Infine, in ambito finnico – ricorda Domenico Comparetti – oltre al sostantivo runo anche il sostantivo virsi va a indicare il canto lirico ma fra i due è il primo a essere il più arcaico in quanto risalente all’epoca pagana – il sost. virsi risulterebbe essere un prestito dalla liturgia latino-ecclesiastica in quanto a quest’ultima solitamente si riferisce.
Insomma una è la parola per cui si distingue e caratterizza la poesia tradizionale dei Finni, la parola runo, così pel soggetto come per la forma che è unica ed essenzialmente sua. Uno solo è il metro per tutti i canti d’ogni natura, epici, magici, lirici, una è la norma di composizione per tutti come c’è in tutti una singolare omogeneità nel tono e nello stile. Unica è la runa, uno è lo stampo avito, creato dai padri in antichi tempi, col quale nacque, crebbe, visse, sopravvisse e si propagò questa poesia fino ai giorni presenti6.
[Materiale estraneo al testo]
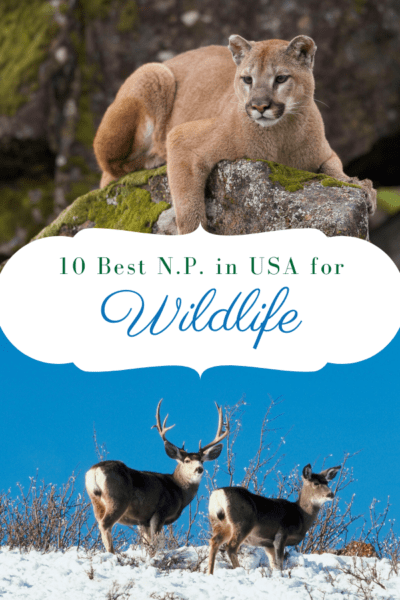 mountain lion and pronghorn sheep text says 10 best national parks in usa for wildlife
Sia i tietäjä7- sciamani dei Finni – che i noita8 – sciamani dei Sámi – sono custodi di una tradizione arcaica, comune ai suddetti popoli. Da questa si svilupparono i canti del Kalevala e le leggende sámi che con i primi presentano numerosi parallelismi.
BIBLIOGRAFIA
COMPARETTI 1891
COMPARETTI D., Il Kalevala o la poesia tradizionale dei Finni, Roma, 1891
LOOIJENGA 2003
LOOIJENGA T., Texts & contexts of the oldest runic inscriptions, Leiden & Boston, 2003
PENTIKÄINEN 2014
PENTIKÄINEN J., La mitologia del Kalevala, Viterbo, aprile 2014
SIMEK 1984
SIMEK R., Lexikon der germanischen Mythologie, Stuttgart, 1984 6 COMPARETTI 1891, p. 16.
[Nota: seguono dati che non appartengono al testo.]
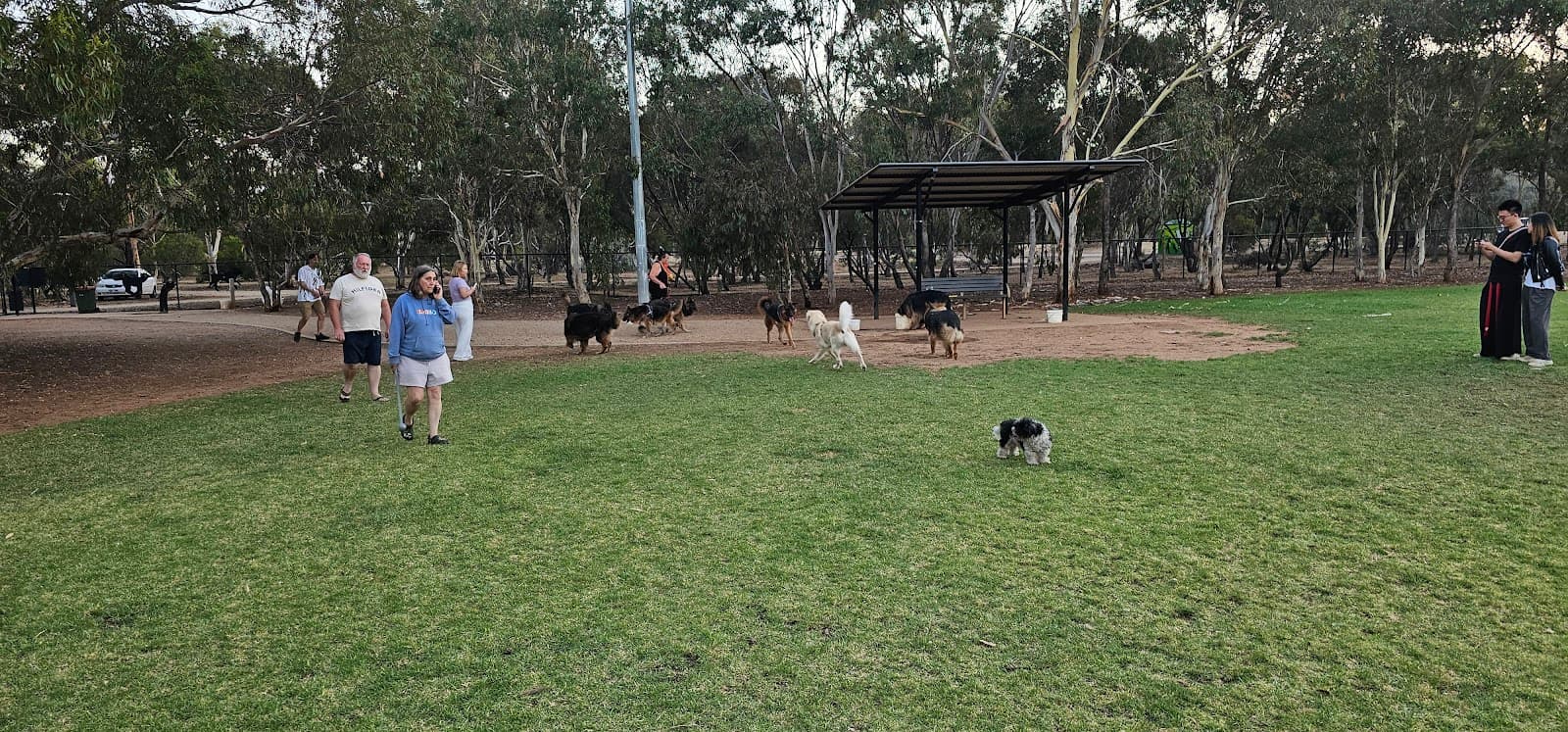Bragg Park (Park 5) — North Adelaide, Adelaide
7 tietäjä: finn. composto di tietä- (i.e. radice del verbo tietää, “conoscere”) e di -jä (i.e. suffisso sostantivante che genera nomina agentis). Nel mondo finnico indica il sapiente, colui che conosce la realtà fisica e indaga quella metafisica.
8 noita: finn. derivante dal p-finn. *nojta, “stregone, veggente”. Nel mondo sámi indica il sapiente, colui che conosce la realtà fisica e indaga quella metafisica.